情緒のある世界観は単なるエロ漫画の枠に収まらないマニアックな作品(といっても、ジャンル的には非エロな青年誌の連載なんだけども)。苦手な人は気持ち悪くて絶対に無理だろうけど、なかなか他にない作品です。大声では言いにくいけど勧めたい・・・そんな作品です。

 

私的感想

今まで、1作者1作品として完結漫画を紹介してきたのですが、今回はじめて、そのルールを逸脱することになりました。このルールで書いてたら、いつかは書くべき作品を選ぶことが難しくなるとは思っていたのですが、その時はもっとメジャーな作品になると思っていたのです。まさか、この『時計じかけの姉』を紹介することになるとは、私もまったく予想していませんでした。

前回、いけだたかし先生の作品を紹介したのは「34歳無職さん」でした。とてもホノボノした温かい作品だっただけに、そのギャップに驚かされました(ぎゃふん)。他にも先生の代表作には「ささめきこと」というものもあるのですが、これは女子高生の純愛モノで、同性の恋愛とはいえ綺麗に描かれていた作品だった。そのいけだたかし先生が、なんでこれ?って・・・はっきり言ってエロです

先に書いたように、設定が多いです。ショタ、ロボット、近親相姦、ぽっちゃり、ホモ、こじらせ、ストーキング、寝とられ・・・よくもまぁ詰め込んだ。
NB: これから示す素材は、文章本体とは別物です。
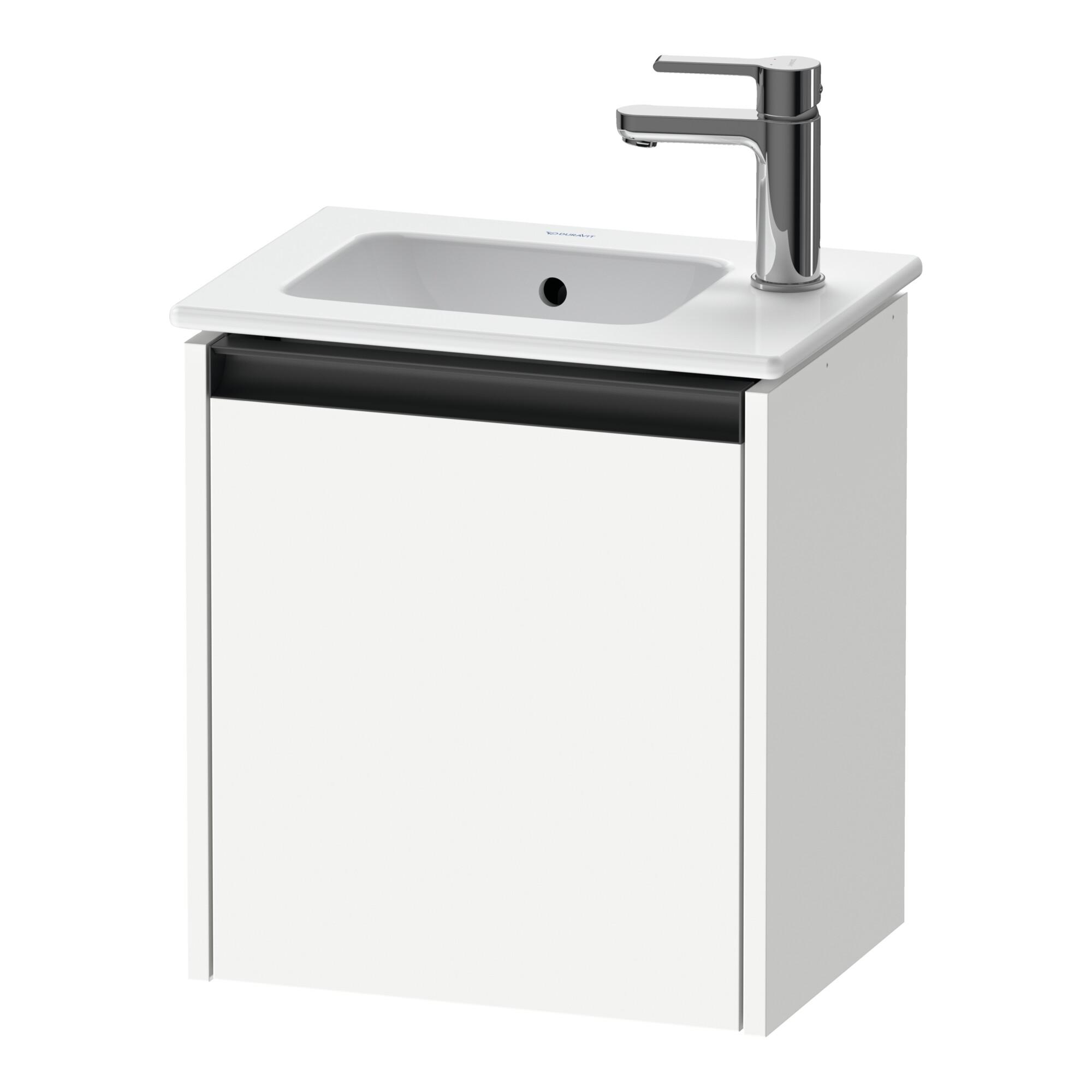 Duravit Waschtischunterschrank Ketho.2 41X29,2X44Cm, 1 TüR, Wd, An Re, We. Ma (K25060R18180000)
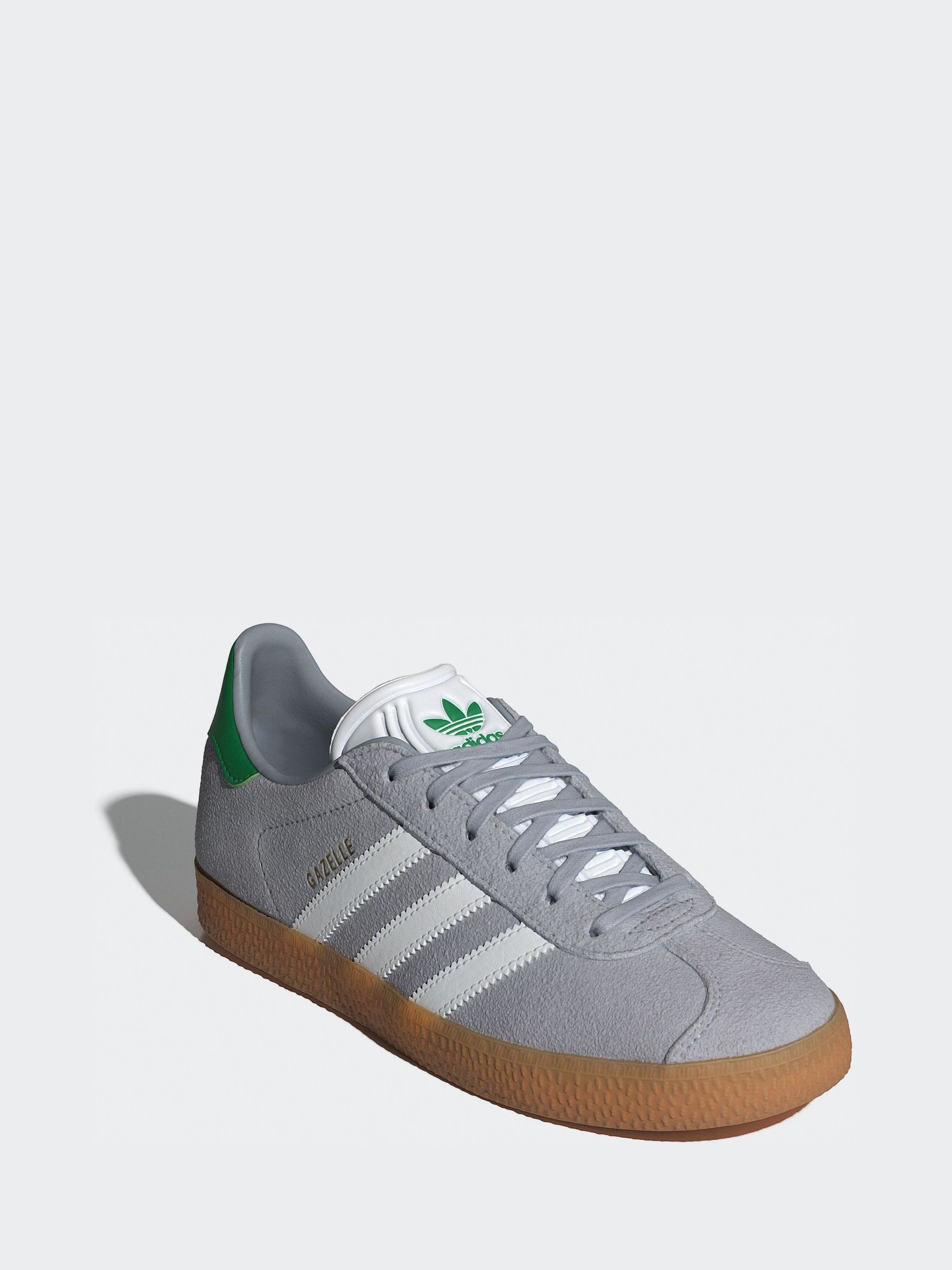 Next：日本 グレー - adidas Originals ジュニア ガゼル スニーカー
中心キャラがこれだけ歪んでいて、これだけの要素を詰め込んで成立してるのが、とにかくすごい。

さらに、無駄にギャグも入ってくる。プレイが激しすぎると頭のとれるロボット。究極超人あーるを彷彿させるような設定が個人的にはツボだったりするけど、とにかくテンコ盛り。

 

(個人的には)エロスは生き物の根源にあるものだと思っていて、それは人それぞれ多様なものだから興味深いと思っているのだけど、時代が時代なら有害図書として扱われるかもしれない。商業誌ではなかなかチャレンジだったと思います。さすが、幻冬舎!(いい意味でw)

↓気になった方は公式サイトで試し読みができますよ↓

時計じかけの姉 - デンシバーズ

若干の…ネタバレ

時計屋の天才技師の晶は、ある事件で最愛の弟ミナトを亡くした。姉の性癖が露呈した時、生身の弟は姉を拒絶し、その結果、弟は命を奪われた。姉の歪んだ性癖は、自分の容姿に対するコンプレックスであり、自分とは似ても似つかぬ綺麗な容姿をもつ弟を通じて歪んだ欲望を満たしていたのだが、弟を亡くしたことで、姉の歪みは意固地なものになっていく。
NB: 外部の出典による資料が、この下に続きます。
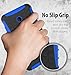 Fosmon [RUGGED] Nokia Lumia 630, Nokia Lumia 635 Case - HYBO-RAGGED Heavy Duty Hybrid Protective Cover with Kickstand - Retail Packaging (Blue)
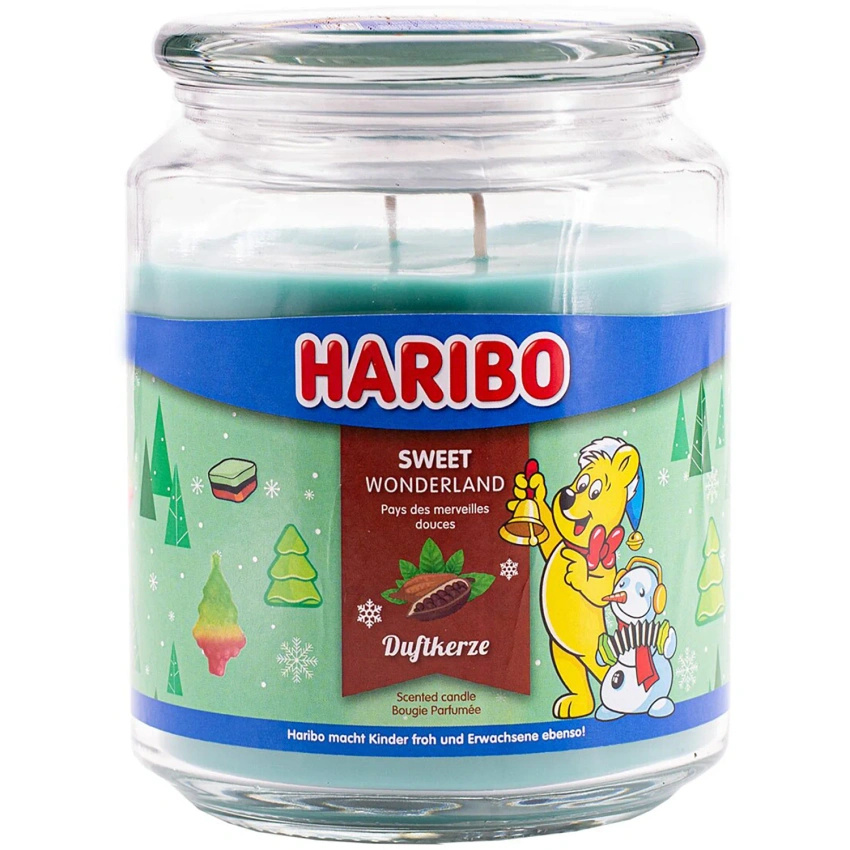 Christmas scented candle Haribo - Sweet Wonderland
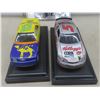 Image 3 : 2 Nascar Die Cast – #5 Monte Carlo and #23 Thunderbird, 1/18 Scale, and Dale Earnhardt License Plate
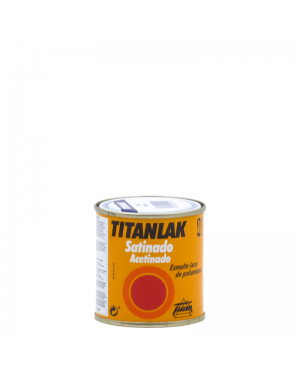 Titan Emaille-Satin Polyurethan Lack Titanlak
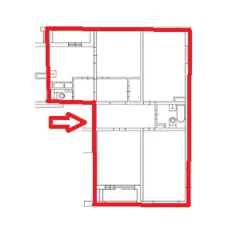 Жилое помещение 90.4 кв. м, Москва по адресу: г. Москва, ул. Маресьева, д. 12, корп. 4, кв. 266. Общая площадь 90,4 кв. м, этаж 8, кадастровый номер: 77:16:0010105:33058.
学生時代は不良と呼ばれるような男だったツグジは、学生時代から晶のことを思い続けている純情童貞野郎。どんな晶であろうと受け止めようと翻弄するが、晶を支えるアンドロイドのミナトの存在を消化できず。

さらに、彼らが住む下町の商店街の人のよいおじさんたちは、アンドロイドのミナトの上客で、その姿態は晶に覗かれている・・・という酷い倒錯ぶり。

晶は自分のコンプレックスとどう向き合っていくのか、アンドロイドのミナトの行く末は?ツグジは晶への思いを遂げることができるのか

と、まぁ、そのあたりが物語の終着点になってくるのは予想に難くないし、結果もある程度は想定がつくと思う。ただ、その間のプロセスが、とにかく『いやらしく』て、愛おしい。

真っすぐに普通の性愛をできる人ばかりじゃない。外見のコンプレックスで内向的になる人も少なくない。ちょっとした要因で、『普通』じゃなくなってくる。

最後は若干失速気味という評を感想サイトで見かけたが、この点について僕も同意。ただ、ここまで、歪んだ性愛ぶりを詰め込んだこの作品、なかなか得難い本だと思います。こういう本が商業誌でも売られている事に嫌悪する識者もいるかもしれないが、世の中キレイ事ばかりじゃなく、いろんな性愛のカタチがあって良いんじゃないのかなぁ・・・と個人的には思うのです。